Research from Harvard University finds what students feel works in the classroom doesn't necessarily line up with what actually does, as demonstrated by their belief that they learn more from lectures despite assessment results showing active learning methods are more effective, Edutopia reports.
The study divided classes in half, with one group taught through active learning methods and the other through lectures. The groups were then flipped, and when students were asked which approach they found more effective, most chose the lecture model despite active learning producing better academic results.
Because of this perception, Edutopia Research and Standards Editor Youki Terada suggests educators try to persuade students of active learning's benefits to them and their educations, guiding the development of metacognitive skills while explaining that education is rarely a straight-forward process and that struggle can be productive.
Learning is often a messy process. Rarely are students taught something once and able to embed that knowledge immediately. Instead, gaining an education is a back-and-forth process where mistakes are made and ideas argued. Active learning embodies this style of education, where students are as heavily involved in the teaching process as their educators.

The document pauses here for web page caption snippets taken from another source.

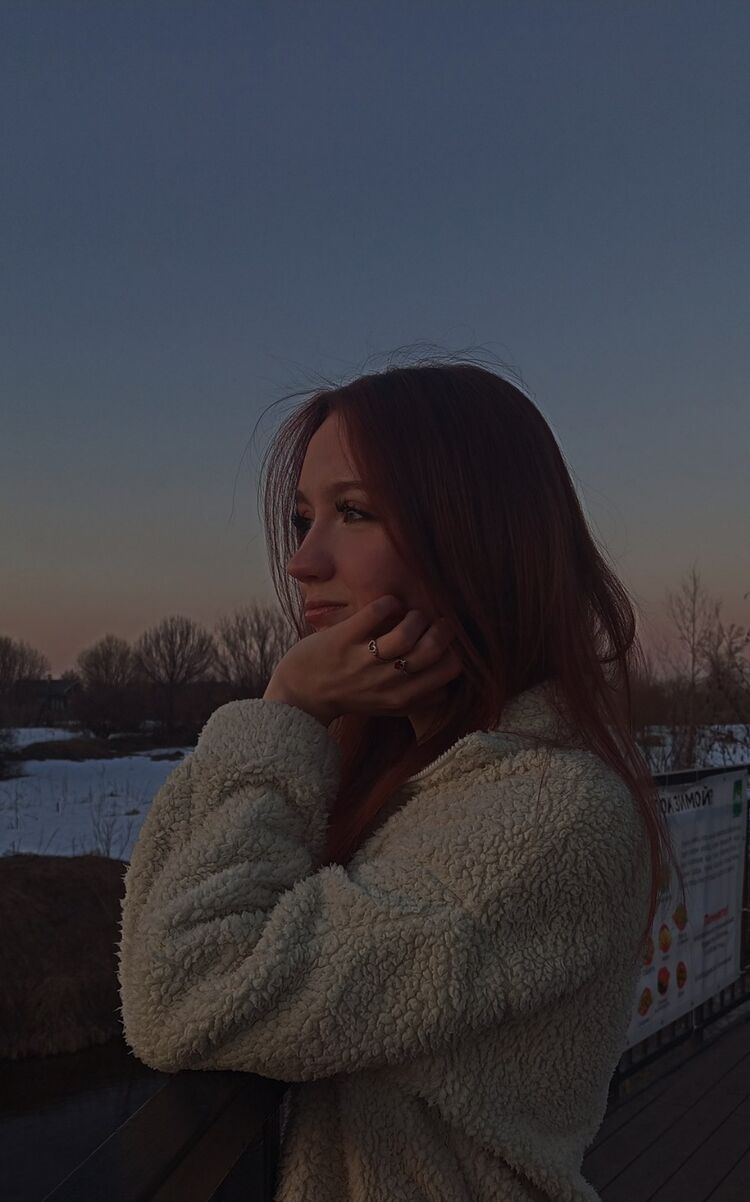 ���� 56219016 ������� ����, 18 ���, ���� ���������� � ����������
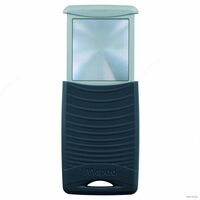 Лупа "Maped" (Pocket - 3х кратная) 392510 - 27 965 сум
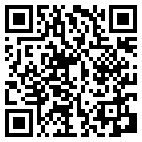 QR Code for Completely Geek in Fernley, NV 89408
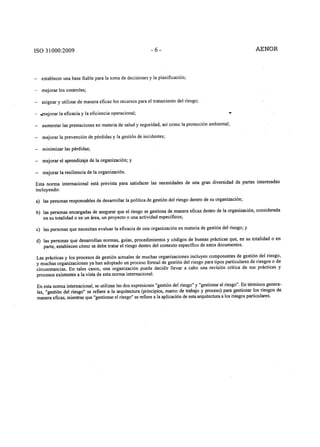 Une%20 iso%2031000%202010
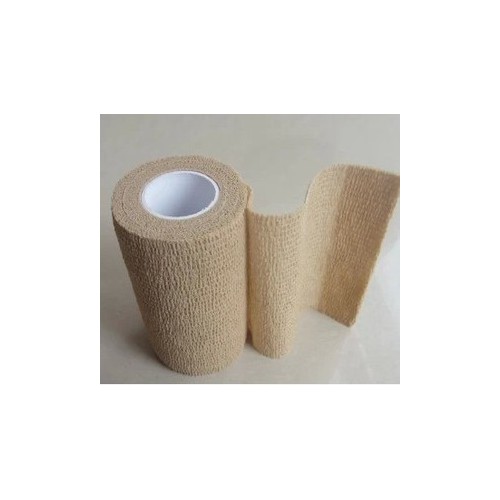 一次性使用腹帶有現(xiàn)貨嗎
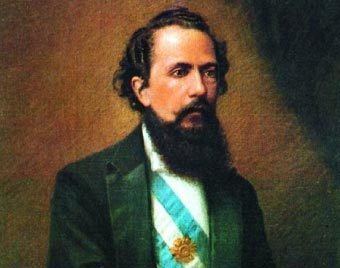 Nicolás Avellaneda Biografia de Nicols Avellaneda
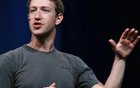 FacebookƳͷ ˲һܿ׬16Ԫ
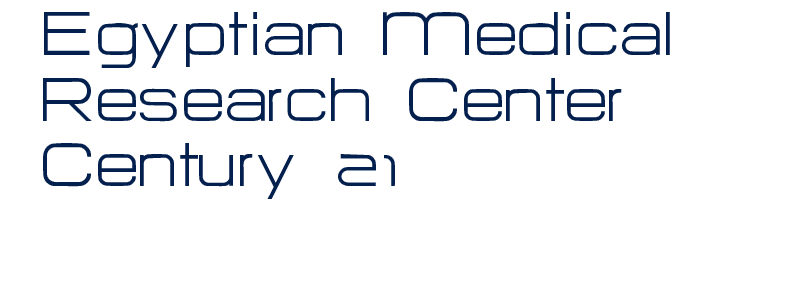 EMRC21 corporate information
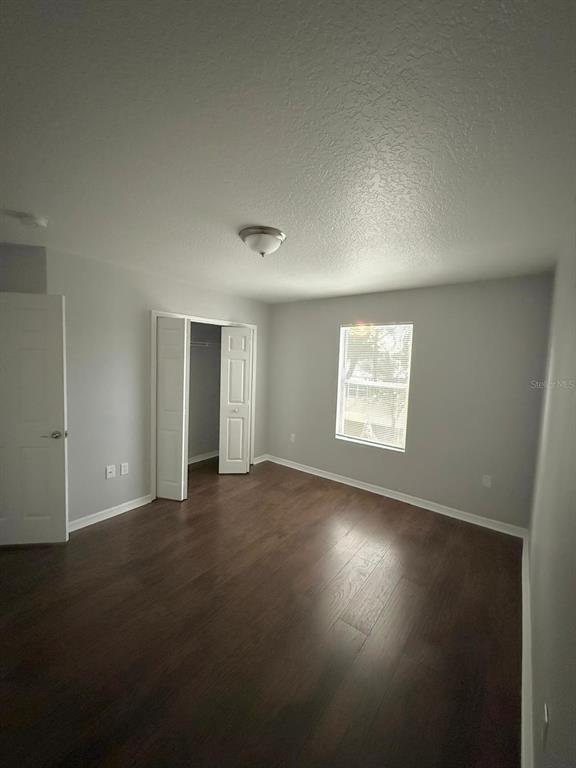 Building Photo - 14116 Entrada Dr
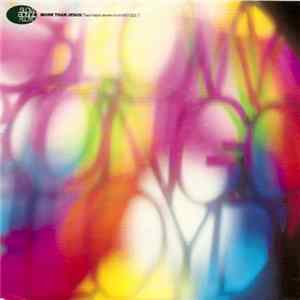 Slow Bongo Floyd - More Than Jesus mp3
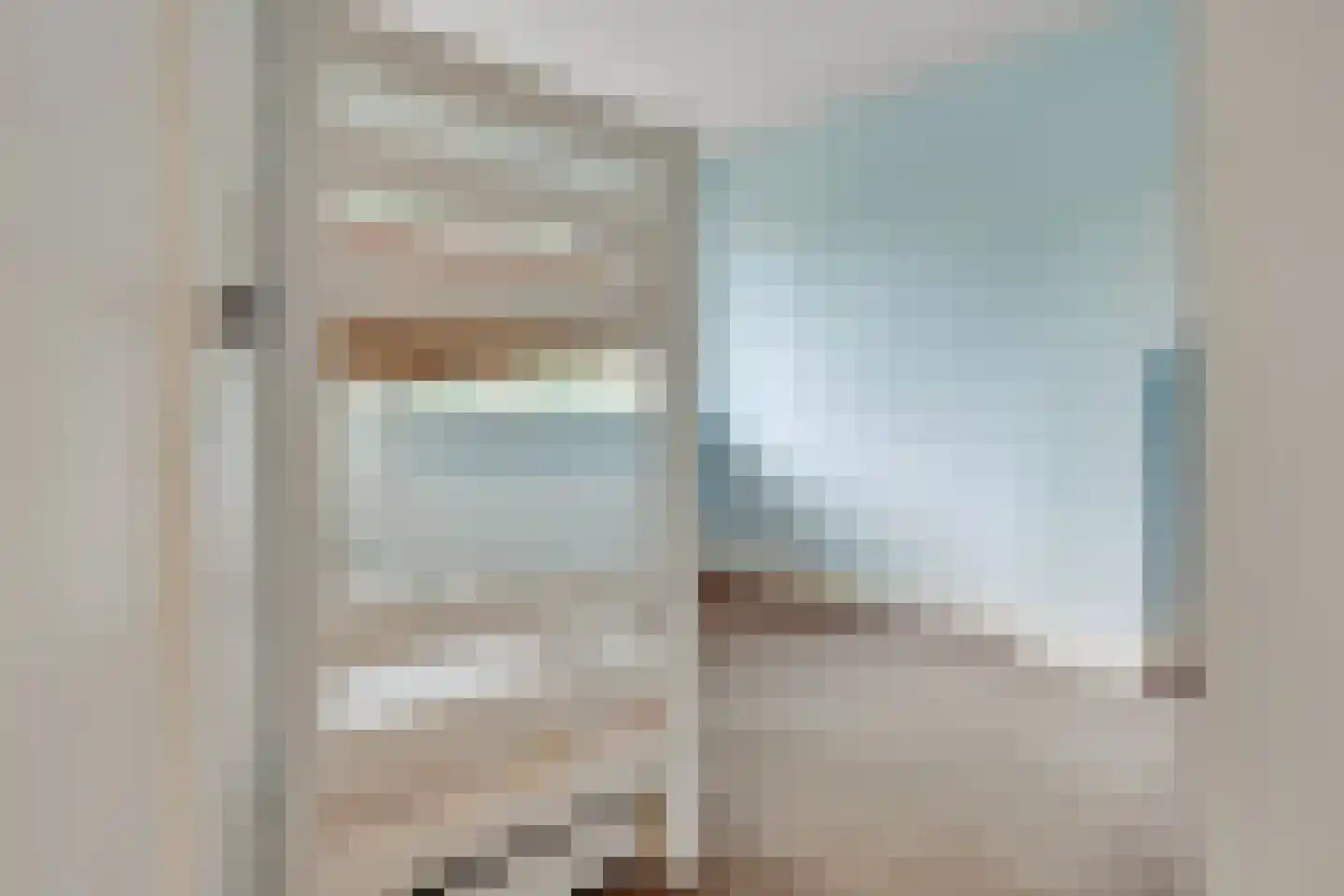 Hanrathsingel 20 Laren thumbnail 27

This style of learning isn't comfortable for everyone, with some believing it’s also less effective. But with studies showing the opposite, educators and administrators may need to add an extra step into curriculum to get pupils onboard.
Simply telling students active learning is a better style is likely not the best approach. Instead, involving them in the process of, for example, planning some of the classroom activities may help amplify their excitement from the start. Tapping students to have some ownership in the learning process may ultimately boost their overall feeling about the material and learning approach. When they are allowed to make choices, they “see a course as more valuable and more directly related to their goals,” according to Stanford University’s Teaching Commons.